I believe Arendt’s assessment of the mess of our age captures our irresponsibility. In The Human Condition, she writes, “the modern age continued to operate under the assumption that life, and not the world, is the highest good of man.”
The melting is here. Our climate disruptions need to make us concentrate our thinking. Seek to know by following independent media sources; follow nonprofits dedicated to media exposure; help nongovernment organizations that have a history of helping populations against the tyranny of governmental and corporate raiding. Speak out, speak up, apply yourself, volunteer, campaign, write letters, help the elderly, teach the young, organize, write, paint, sculpt, pose, sing, race, climb, march, join in here and drop out there and vote. Check that. Don’t just vote, but vote well. Time is of the essence.

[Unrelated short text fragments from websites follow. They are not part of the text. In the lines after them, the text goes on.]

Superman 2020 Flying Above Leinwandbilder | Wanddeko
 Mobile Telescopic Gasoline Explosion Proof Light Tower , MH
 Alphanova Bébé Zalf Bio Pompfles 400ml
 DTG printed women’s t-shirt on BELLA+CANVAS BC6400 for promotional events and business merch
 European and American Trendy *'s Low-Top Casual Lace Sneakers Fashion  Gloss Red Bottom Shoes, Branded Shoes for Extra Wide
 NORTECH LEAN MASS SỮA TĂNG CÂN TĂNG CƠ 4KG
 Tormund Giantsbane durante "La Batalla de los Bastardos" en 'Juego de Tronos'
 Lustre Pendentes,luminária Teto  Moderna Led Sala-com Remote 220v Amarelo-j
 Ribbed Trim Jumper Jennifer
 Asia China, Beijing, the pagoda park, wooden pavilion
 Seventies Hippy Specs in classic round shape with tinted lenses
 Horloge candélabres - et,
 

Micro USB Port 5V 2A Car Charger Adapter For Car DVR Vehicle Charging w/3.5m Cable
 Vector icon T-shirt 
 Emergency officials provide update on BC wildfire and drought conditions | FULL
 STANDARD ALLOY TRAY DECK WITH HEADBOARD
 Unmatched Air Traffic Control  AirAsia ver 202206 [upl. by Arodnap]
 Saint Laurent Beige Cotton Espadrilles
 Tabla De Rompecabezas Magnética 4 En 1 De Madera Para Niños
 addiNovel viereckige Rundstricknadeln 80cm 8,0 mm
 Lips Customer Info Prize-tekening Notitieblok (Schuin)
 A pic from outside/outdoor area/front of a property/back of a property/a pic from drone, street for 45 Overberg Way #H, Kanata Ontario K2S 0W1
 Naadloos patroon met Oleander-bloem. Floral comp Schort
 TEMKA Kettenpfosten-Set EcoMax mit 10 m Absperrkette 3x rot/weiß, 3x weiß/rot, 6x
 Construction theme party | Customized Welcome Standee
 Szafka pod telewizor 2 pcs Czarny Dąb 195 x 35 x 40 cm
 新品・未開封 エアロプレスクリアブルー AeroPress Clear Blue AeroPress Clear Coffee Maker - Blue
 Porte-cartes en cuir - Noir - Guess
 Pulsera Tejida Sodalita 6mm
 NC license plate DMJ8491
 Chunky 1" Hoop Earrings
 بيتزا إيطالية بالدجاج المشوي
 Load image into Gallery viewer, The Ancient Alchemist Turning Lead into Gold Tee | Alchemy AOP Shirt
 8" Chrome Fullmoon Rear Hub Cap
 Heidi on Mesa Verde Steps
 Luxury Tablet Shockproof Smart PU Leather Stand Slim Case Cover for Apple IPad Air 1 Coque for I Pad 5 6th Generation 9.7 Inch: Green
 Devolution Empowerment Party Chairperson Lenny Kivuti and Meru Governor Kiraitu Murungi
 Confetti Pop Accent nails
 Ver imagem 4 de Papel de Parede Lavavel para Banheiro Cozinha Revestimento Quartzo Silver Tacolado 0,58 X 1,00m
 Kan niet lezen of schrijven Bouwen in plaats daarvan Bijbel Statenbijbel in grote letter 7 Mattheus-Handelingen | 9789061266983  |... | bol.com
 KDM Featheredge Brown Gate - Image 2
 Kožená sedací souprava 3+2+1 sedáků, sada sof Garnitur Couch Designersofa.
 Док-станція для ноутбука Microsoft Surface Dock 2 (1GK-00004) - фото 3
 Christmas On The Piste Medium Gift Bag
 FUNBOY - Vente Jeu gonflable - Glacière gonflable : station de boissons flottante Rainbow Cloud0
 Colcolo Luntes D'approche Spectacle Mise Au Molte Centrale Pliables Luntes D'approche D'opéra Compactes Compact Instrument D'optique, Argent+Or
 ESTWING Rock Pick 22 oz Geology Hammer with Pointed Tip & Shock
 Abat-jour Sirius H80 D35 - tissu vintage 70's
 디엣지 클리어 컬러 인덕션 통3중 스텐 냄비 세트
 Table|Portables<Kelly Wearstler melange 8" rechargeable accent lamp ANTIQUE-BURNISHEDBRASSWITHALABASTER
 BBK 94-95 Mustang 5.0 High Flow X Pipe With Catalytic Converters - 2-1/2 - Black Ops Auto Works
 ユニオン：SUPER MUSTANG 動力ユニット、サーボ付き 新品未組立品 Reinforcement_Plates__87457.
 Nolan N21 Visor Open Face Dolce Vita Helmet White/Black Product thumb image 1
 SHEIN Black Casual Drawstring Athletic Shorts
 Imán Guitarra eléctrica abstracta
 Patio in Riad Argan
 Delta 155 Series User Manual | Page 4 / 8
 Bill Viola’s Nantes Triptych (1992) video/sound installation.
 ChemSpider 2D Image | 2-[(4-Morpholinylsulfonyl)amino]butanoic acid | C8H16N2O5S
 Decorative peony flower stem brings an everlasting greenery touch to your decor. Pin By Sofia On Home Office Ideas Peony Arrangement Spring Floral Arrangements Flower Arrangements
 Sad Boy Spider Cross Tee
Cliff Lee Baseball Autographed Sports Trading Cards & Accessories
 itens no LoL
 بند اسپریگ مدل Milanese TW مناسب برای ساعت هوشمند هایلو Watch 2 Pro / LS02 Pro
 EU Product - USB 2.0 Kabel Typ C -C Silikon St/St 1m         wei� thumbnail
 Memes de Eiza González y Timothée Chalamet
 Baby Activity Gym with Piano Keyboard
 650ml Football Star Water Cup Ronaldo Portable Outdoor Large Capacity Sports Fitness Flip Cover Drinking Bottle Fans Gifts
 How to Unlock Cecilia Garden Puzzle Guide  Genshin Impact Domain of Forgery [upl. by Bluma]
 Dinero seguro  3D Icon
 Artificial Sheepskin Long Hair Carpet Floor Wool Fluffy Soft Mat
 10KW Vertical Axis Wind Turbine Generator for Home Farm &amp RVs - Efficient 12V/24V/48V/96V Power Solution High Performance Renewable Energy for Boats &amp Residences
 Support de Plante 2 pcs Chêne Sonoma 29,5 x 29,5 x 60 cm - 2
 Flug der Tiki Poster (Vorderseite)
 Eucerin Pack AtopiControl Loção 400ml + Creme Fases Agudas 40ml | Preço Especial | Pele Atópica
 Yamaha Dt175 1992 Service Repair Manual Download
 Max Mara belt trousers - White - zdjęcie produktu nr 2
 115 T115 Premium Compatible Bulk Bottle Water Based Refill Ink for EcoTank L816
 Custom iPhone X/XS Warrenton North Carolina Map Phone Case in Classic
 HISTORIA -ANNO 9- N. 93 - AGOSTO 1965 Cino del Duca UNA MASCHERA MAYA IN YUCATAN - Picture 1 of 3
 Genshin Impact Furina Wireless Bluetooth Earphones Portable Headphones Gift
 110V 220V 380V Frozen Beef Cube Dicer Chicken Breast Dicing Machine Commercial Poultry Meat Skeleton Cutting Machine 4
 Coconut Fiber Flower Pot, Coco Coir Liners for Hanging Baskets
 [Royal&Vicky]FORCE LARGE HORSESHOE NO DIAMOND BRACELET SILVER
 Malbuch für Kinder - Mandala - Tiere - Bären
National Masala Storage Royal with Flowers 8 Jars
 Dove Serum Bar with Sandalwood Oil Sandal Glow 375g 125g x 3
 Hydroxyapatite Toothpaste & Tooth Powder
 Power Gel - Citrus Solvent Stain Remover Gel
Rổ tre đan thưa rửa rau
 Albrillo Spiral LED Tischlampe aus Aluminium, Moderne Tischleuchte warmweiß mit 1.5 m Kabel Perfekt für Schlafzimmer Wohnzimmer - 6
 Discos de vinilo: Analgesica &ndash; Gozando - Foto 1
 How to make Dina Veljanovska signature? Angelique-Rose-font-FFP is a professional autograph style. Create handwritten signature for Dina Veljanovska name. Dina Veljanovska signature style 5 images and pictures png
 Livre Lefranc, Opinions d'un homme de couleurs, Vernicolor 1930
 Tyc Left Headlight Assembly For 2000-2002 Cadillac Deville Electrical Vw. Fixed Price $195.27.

Creativity is merely future memory. As creative as we need to be, it will be based on accurate information provided by principled journalism. The expression, “the right side of history” functions as double entendre; its first meaning signifies acting today in such manner that those who reap the results of our actions will view us with favorable regard, but embedded in that expression, in a second meaning, resides the speculative notion that any actions we make today could ever really be called right or wrong, left or right, conservative or liberal. Just as we will never completely know what occurred in the past despite our best documentation, future historians we will never meet will never completely interpret our current decisions and actions.
We will never meet those who will ponder us in the future. But we hope those yet to come will recognize the seed of decency we planted and cultivated but let them harvest so they, too, can do the best for their age — keeping this messy culture replicating. Why? Because when the parade of human culture passed by us today, now, here, we recognized the right things to do and we did them. In The Human Condition, Arendt wrote: “It is quite conceivable that the modern age — which began with such an unprecedented and promising outburst of human activity — may end in the deadliest, most sterile passivity history has ever known.” We need to prove that statement wrong.
When we fight against the causes of warming mollified by a bought corporate media and seek to reduce greenhouse gas emissions and cease scorched earth harvesting and try to refill the aquifers and bring jobs to the displaced building canals, solar panels, wind turbines and support local rather than corporate businesses, we will do so because first we have been informed. The United Nations lists 17 different ways we can resist ACD.
The fight is to expunge the current Great Chain of Immorality and its media storm that spawns an oligarchical, international, neo-feudal fester of fossil-fuel corruption.
Our struggle will be against those who destroy the atmosphere and the environment for mere greed, for cash idling in offshore accounts.